The processor may be configured to maintain the aerosol provision device in an unlocked state indefinitely in response to the unlocking user input being received by the user input element.

The processor may be configured to initiate a session of use of the aerosol provision device after unlocking the aerosol provision device from the locked state. The processor may be configured to prevent an aerosol generator from being energised when the aerosol provision device is in the locked state.

The aerosol provision device may comprise the aerosol generating material.

According to a second aspect, there is provided an aerosol provision system comprising an aerosol provision device as described above and an article, the article comprising the aerosol generating material.

According to a third aspect there is provided a mobile device comprising: a mobile processor configured to receive user input selection information, the user input selection information defining an unlocking user input of an aerosol provision device; and a device communicator configured to transmit the user input selection information to the aerosol provision device.

According to a fourth aspect there is provided a mobile device comprising a device communicator configured to transmit a recording signal to an aerosol provision device.

According to a fifth aspect there is provided method of operating an aerosol provision device, the method comprising: receiving user input selection information, the user input selection information defining an unlocking user input; receiving the unlocking user input from a user; and unlocking the aerosol provision device to activate an aerosol generator in response to the unlocking user input being received by the user input element.

The aerosol provision system may comprise any of the features described with respect to the aerosol provision. The method may comprise any of the features or steps described with respect to the aerosol provision device, the aerosol provision system and/or the mobile devices.

Brief Description of the Drawings

Embodiments will now be described, by way of example only, and with reference to the accompanying drawings in which:

Fig. 1 shows a front view of an aerosol provision system;

Fig. 2 shows a schematic of a system; and

Fig. 3 shows a method of operating an aerosol provision device. Detailed Description

As used herein, the term “aerosol-generating material” is a material that is capable of generating aerosol, for example when heated, irradiated or energized in any other way. Aerosol-generating material may, for example, be in the form of a solid, liquid or gel which may or may not contain an active substance and/or flavourants. Aerosol-generating material may include any plant based material, such as tobacco-containing material and may, for example, include one or more of tobacco, tobacco derivatives, expanded tobacco, reconstituted tobacco or tobacco substitutes. Aerosol-generating material also may include other, non-tobacco, products, which, depending on the product, may or may not contain nicotine. Aerosol-generating material may for example be in the form of a solid, a liquid, a gel, a wax or the like.
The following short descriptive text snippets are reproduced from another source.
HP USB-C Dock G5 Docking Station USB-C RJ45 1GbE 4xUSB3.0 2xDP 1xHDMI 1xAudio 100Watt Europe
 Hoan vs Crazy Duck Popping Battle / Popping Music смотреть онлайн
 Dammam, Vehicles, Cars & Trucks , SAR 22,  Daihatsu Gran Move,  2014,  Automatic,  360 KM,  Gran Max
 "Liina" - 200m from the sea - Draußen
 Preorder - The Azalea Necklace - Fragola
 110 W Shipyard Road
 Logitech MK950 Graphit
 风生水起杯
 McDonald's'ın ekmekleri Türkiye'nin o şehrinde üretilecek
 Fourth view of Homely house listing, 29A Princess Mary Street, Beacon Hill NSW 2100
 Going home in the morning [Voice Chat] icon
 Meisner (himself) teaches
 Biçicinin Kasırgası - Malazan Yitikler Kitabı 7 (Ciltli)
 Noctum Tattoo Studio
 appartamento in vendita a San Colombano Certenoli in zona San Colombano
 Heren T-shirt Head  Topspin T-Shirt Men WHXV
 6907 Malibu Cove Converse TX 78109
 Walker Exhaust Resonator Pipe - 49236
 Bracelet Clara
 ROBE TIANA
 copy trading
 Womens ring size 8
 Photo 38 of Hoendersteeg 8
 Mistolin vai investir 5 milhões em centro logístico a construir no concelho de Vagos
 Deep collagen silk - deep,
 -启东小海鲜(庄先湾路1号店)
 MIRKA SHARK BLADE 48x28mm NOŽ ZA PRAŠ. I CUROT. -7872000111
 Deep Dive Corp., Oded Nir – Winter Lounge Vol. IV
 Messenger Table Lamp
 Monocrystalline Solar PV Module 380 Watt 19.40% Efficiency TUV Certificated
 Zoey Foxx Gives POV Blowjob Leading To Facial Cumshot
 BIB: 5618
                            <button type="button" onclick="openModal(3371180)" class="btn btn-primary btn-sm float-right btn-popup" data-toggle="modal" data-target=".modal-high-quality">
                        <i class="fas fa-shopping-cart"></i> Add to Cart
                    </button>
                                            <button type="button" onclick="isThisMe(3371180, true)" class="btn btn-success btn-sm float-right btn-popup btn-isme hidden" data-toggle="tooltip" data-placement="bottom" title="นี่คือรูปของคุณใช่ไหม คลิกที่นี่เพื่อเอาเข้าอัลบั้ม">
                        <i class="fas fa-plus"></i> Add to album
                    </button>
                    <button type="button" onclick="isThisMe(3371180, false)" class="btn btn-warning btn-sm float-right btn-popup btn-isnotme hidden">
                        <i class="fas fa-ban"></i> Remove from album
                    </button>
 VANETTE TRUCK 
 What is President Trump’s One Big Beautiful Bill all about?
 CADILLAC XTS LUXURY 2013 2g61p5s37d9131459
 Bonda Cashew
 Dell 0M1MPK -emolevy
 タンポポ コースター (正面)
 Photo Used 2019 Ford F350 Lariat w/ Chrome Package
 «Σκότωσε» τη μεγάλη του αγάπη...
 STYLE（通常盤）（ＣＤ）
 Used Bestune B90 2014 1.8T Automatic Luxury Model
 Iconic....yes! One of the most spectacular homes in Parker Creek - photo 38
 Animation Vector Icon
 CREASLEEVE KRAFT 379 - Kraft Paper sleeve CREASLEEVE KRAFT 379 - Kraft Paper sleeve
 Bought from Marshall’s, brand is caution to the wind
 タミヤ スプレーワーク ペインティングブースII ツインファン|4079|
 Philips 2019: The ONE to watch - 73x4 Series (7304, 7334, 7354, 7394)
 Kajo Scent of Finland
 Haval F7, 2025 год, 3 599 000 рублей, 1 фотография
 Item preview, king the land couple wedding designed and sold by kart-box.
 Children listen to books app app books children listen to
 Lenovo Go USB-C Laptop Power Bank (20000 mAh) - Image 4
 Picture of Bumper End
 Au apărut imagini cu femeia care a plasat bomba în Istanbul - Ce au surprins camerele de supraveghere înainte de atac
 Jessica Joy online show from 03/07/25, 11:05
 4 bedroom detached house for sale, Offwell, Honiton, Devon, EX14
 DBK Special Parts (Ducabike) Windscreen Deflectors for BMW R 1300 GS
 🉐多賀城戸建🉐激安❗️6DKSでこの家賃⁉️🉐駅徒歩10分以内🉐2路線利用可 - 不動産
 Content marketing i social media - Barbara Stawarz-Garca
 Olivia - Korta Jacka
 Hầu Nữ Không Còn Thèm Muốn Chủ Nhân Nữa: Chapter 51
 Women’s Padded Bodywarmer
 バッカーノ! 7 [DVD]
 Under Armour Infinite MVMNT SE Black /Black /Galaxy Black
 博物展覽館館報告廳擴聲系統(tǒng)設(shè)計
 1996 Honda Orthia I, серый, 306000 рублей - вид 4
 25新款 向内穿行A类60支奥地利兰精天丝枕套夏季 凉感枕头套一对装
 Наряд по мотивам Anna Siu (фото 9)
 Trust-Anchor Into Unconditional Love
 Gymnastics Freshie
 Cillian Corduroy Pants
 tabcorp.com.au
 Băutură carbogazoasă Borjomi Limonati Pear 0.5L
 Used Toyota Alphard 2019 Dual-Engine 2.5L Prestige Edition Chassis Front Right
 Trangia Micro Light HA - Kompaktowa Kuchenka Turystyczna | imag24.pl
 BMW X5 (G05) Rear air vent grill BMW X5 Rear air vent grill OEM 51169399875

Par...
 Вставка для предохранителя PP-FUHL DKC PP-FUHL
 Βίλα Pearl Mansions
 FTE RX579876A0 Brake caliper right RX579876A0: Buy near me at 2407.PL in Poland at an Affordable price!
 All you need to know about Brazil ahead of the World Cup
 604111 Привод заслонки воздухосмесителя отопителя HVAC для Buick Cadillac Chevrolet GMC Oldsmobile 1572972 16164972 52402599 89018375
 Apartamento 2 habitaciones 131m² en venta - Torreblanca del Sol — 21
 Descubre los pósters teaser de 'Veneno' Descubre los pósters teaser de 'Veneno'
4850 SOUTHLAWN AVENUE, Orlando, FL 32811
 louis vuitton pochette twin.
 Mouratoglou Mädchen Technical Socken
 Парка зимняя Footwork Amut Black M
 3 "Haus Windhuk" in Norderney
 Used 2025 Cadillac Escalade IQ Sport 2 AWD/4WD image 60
Aerosol-generating material may for example also be a combination or a blend of materials. Aerosol-generating material may also be known as “smokable material”.

The aerosol-generating material may comprise a binder and an aerosol former. Optionally, an active and/or filler may also be present. Optionally, a solvent, such as water, is also present and one or more other components of the aerosol-generating material may or may not be soluble in the solvent. In some embodiments, the aerosol-generating material is substantially free from botanical material. In some embodiments, the aerosol-generating material is substantially tobacco free.

The aerosol-generating material may comprise or be an “amorphous solid”. The amorphous solid may be a “monolithic solid”. In some embodiments, the amorphous solid may be a dried gel. The amorphous solid is a solid material that may retain some fluid, such as liquid, within it. In some embodiments, the aerosol-generating material may, for example, comprise from about 50wt%, 60wt% or 70wt% of amorphous solid, to about 90wt%, 95wt% or 100wt% of amorphous solid.

The aerosol-generating material may comprise an aerosol-generating film. The aerosol-generating film may comprise or be a sheet, which may optionally be shredded to form a shredded sheet. The aerosol-generating sheet or shredded sheet may be substantially tobacco free. According to the present disclosure, a “non-combustible” aerosol provision system is one where a constituent aerosol-generating material of the aerosol provision system (or component thereof) is not combusted or burned in order to facilitate delivery of at least one substance to a user.

In some embodiments, the delivery system is a non-combustible aerosol provision system, such as a powered non-combustible aerosol provision system.

In some embodiments, the non-combustible aerosol provision system is an electronic cigarette, also known as a vaping device or electronic nicotine delivery system (END), although it is noted that the presence of nicotine in the aerosolgenerating material is not a requirement.

In some embodiments, the non-combustible aerosol provision system is an aerosol-generating material heating system, also known as a heat-not-burn system. An example of such a system is a tobacco heating system.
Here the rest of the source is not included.